Re: XLogInsert scaling, revisited

From: Andres Freund <andres(at)2ndquadrant(dot)com>
To: Heikki Linnakangas <hlinnakangas(at)vmware(dot)com>
Cc: Jeff Janes <jeff(dot)janes(at)gmail(dot)com>, Alvaro Herrera <alvherre(at)2ndquadrant(dot)com>, PostgreSQL-development <pgsql-hackers(at)postgresql(dot)org>
Subject: Re: XLogInsert scaling, revisited
Date: 2013-06-24 18:01:01
Message-ID: 20130624180101.GJ6471@awork2.anarazel.de
Views: Raw Message | Whole Thread | Download mbox | Resend email
Thread:
Lists: pgsql-hackers

On 2013-06-22 14:32:46 +0300, Heikki Linnakangas wrote:
> Attached is a new version that fixes at least the problem I saw. Not sure if
> it fixes what you saw, but it's worth a try. How easily can you reproduce
> that?

Ok, I started to look at this:

* Could you document the way slots prevent checkpoints from occurring
when XLogInsert rechecks for full page writes? I think it's correct -
but not very obvious on a glance.

* The read of Insert->RedoRecPtr while rechecking whether it's out of
date now is unlocked, is that correct? And why?

* Have you measured whether it works to just keep as many slots as
max_backends requires around and not bothering with dynamically
allocating them to inserters?
That seems to require to keep actually waiting slots in a separate
list which very well might make that too expensive.

Correctness wise the biggest problem for that probably is exlusive
acquiration of all slots CreateCheckpoint() does...

* What about using some sort of linked list of unused slots for
WALInsertSlotAcquireOne? Everytime we're done we put it to the *end*
of the list so it's less likely to have been grabbed by somebody else
so we can reuse it.
a) To grab a new one go to the head of the linked list spinlock it and
recheck whether it's still free. If not, restart. Otherwise, remove
from list.
b) To reuse a previously used slot

That way we only have to do the PGSemaphoreLock() dance if there
really aren't any free slots.

* The queuing logic around slots seems to lack documentation. It's
complex enough to warrant that imo.

* Not a big fan of the "holdingAll" variable name, for a file-global one
that seems a bit too generic.

* Could you add a #define or comment for the 64 used in
XLogInsertSlotPadded?
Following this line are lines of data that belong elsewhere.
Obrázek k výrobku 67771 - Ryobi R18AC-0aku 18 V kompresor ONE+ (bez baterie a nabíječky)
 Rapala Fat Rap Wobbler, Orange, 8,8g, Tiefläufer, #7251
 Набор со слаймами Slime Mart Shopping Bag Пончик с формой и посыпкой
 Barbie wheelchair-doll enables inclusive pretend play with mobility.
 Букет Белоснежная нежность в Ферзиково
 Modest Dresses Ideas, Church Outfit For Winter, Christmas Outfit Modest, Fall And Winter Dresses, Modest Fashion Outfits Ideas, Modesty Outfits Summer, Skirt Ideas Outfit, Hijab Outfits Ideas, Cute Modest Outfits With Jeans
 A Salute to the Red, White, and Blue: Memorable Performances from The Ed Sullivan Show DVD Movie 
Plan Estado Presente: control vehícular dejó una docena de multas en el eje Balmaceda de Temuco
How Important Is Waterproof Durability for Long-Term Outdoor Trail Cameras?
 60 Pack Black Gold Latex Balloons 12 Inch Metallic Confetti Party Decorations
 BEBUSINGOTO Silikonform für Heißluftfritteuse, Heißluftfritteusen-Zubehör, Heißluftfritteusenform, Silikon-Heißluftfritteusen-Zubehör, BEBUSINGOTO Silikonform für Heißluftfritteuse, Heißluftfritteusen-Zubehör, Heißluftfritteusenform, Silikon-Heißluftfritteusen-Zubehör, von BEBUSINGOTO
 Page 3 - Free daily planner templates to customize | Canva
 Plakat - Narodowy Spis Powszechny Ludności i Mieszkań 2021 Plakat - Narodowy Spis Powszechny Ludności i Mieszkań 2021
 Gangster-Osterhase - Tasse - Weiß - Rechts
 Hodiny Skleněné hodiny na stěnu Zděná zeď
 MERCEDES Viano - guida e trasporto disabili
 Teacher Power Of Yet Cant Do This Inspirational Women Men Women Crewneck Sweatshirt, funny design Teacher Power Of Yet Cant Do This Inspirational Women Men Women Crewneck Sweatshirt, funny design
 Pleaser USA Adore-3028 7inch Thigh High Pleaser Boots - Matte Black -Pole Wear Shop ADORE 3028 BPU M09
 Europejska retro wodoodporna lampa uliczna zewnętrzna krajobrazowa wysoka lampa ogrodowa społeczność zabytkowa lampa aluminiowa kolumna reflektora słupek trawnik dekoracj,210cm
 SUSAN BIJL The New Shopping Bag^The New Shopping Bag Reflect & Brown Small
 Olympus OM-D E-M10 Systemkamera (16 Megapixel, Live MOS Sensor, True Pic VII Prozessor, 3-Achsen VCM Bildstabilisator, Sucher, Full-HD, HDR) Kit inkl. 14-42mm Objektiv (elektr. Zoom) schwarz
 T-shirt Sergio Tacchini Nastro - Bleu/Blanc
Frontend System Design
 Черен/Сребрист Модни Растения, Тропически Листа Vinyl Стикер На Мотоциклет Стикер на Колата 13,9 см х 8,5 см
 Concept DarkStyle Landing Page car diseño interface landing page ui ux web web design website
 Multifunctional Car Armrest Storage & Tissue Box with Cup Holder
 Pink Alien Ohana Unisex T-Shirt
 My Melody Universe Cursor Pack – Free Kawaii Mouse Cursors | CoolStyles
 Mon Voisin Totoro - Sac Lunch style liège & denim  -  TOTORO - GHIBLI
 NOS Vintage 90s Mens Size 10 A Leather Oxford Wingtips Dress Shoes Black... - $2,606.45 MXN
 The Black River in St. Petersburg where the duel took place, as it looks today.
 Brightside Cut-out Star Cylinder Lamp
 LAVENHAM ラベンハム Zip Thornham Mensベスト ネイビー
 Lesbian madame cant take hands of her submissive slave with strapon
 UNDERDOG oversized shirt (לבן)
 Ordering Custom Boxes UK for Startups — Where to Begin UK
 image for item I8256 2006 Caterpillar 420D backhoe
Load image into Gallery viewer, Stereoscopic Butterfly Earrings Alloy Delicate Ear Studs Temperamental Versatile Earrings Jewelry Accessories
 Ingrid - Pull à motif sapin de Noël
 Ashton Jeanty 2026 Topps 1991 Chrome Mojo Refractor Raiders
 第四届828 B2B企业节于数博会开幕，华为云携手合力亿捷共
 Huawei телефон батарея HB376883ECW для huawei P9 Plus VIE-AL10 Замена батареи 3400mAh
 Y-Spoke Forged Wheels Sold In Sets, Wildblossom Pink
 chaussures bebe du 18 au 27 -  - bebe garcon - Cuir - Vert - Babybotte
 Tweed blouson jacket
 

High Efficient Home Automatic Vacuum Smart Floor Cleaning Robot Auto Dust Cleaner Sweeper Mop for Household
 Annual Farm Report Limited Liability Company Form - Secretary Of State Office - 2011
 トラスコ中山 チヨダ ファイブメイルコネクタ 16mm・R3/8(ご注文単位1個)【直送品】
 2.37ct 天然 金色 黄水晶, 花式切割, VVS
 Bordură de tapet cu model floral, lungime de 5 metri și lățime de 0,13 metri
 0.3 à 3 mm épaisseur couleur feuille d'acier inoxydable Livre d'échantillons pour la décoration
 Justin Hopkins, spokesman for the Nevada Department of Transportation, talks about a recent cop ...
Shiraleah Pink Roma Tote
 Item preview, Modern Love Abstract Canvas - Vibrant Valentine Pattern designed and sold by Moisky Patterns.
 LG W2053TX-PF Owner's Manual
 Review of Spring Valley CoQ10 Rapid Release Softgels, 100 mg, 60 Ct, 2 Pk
Not everyone might recognize that immediately as
the most common cacheline size.
Commenting on the reason we pad in general would be a good idea as
well.

* Is it correct that WALInsertSlotAcquireOne() resets xlogInsertingAt of
all slots *before* it has acquired locks in all of them? If yes, why
haven't we already reset it to something invalid?

* Is GetXLogBuffer()'s unlocked read correct without a read barrier?

* XLogBytePosToEndRecPtr() seems to have a confusing name to me. At
least the comment needs to better explain that it's named that way
because of the way it's used.
Also, doesn't
seg_offset += fullpages * XLOG_BLCKSZ + bytesleft + SizeOfXLogShortPHD;
potentially point into the middle of a page?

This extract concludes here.